◆ What to produce
From the line containing "This is code.org" to the line containing "In our example, I" in the entries below, reproduce every line exactly, ends included. Nothing else belongs in the copy, and no pictures.

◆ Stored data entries

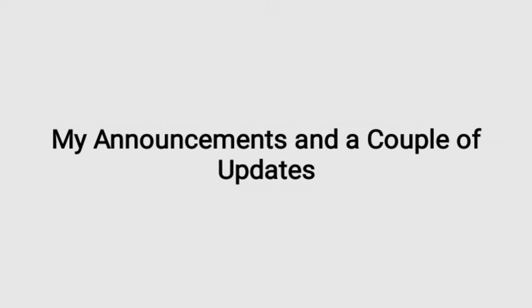Alright guys, DeTrace is back again. Let's start off with, I have a couple of announcements. Here are my announcements and a couple of updates.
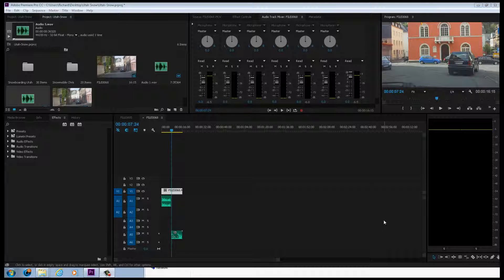Tweaking your narration track to sound a little bit better is as simple as adding some low-cut and high-pass filters to the track.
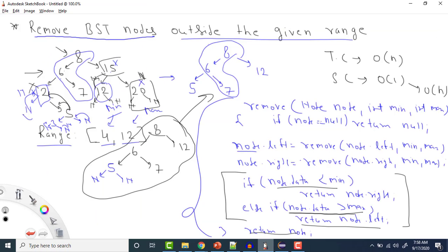That's how we can solve this question — removing nodes which are outside the given range. If you have any doubts, please write in the comment section. I'll also put the source code in the description. If you liked the video, please like it and subscribe the channel for more such videos. Thank you.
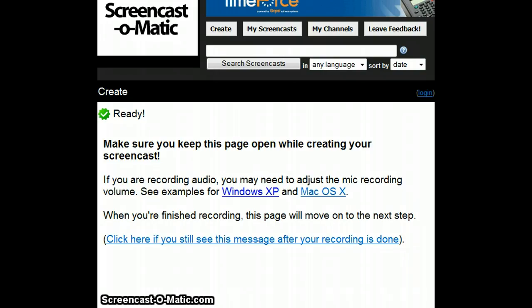This means that when you map a drive, you are saying you want to access that computer as well. This is done by mapping it to a letter of your choice.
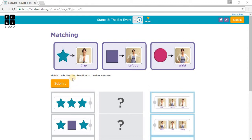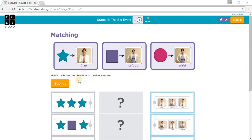This is code.org course one, stage 15, the big event. We're going to do matching. It says match the button combination to the dance moves. A star is a clap, a square is a left hand up.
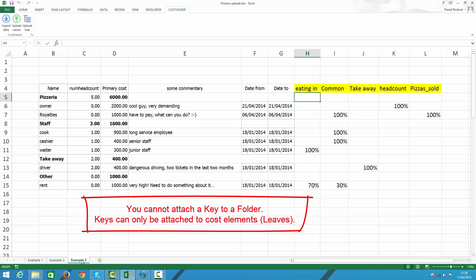In our example, I have five columns. So, I can have up to five keys defined and attached to each cost element. So, for example, owner looks after his staff.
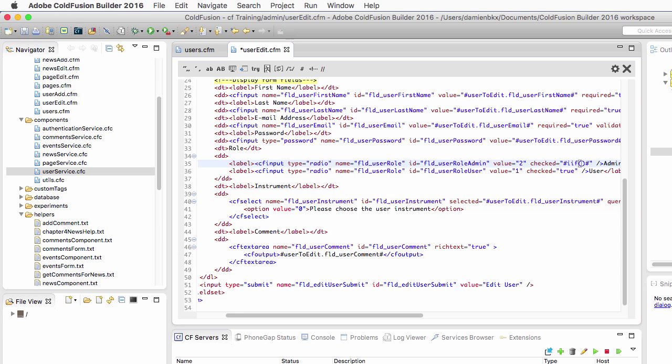IIF allows you to create a cfif, cfelse-like structure, but inside a single line of code. Hence the name of the function, inline if, IIF.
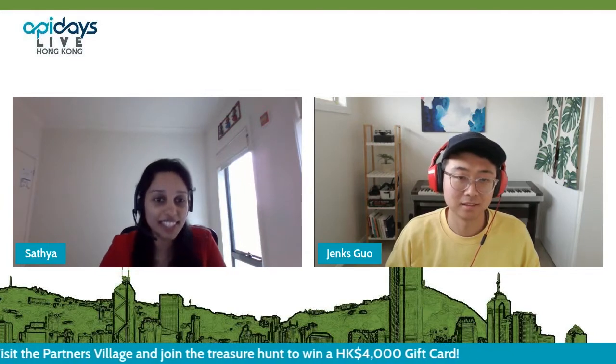Our next speaker in the segment is Jenks, Partner Solutions Lead at Linktree. He is an API fanatic and AI geek. Previously, he has been a developer evangelist at Xero. Hello, Jenks.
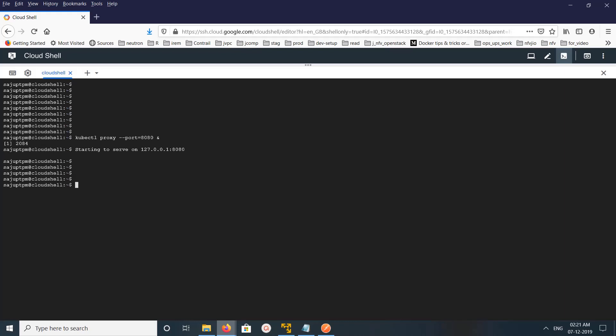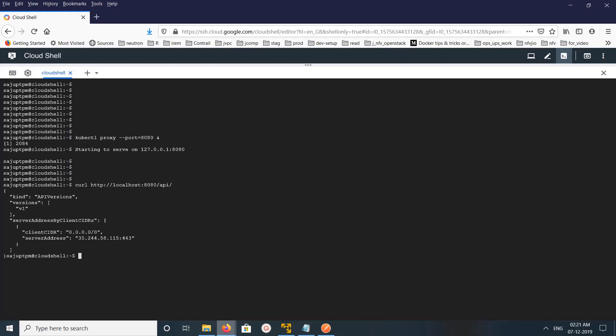Now we can make a curl request to this IP and port to access the Kubernetes REST API. Let me send one sample request. Here you can see the output — the API version number and server address.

◆ Completed task
This is code.org course one, stage 15, the big event. We're going to do matching. It says match the button combination to the dance moves. A star is a clap, a square is a left hand up.
In our example, I have five columns. So, I can have up to five keys defined and attached to each cost element. So, for example, owner looks after his staff.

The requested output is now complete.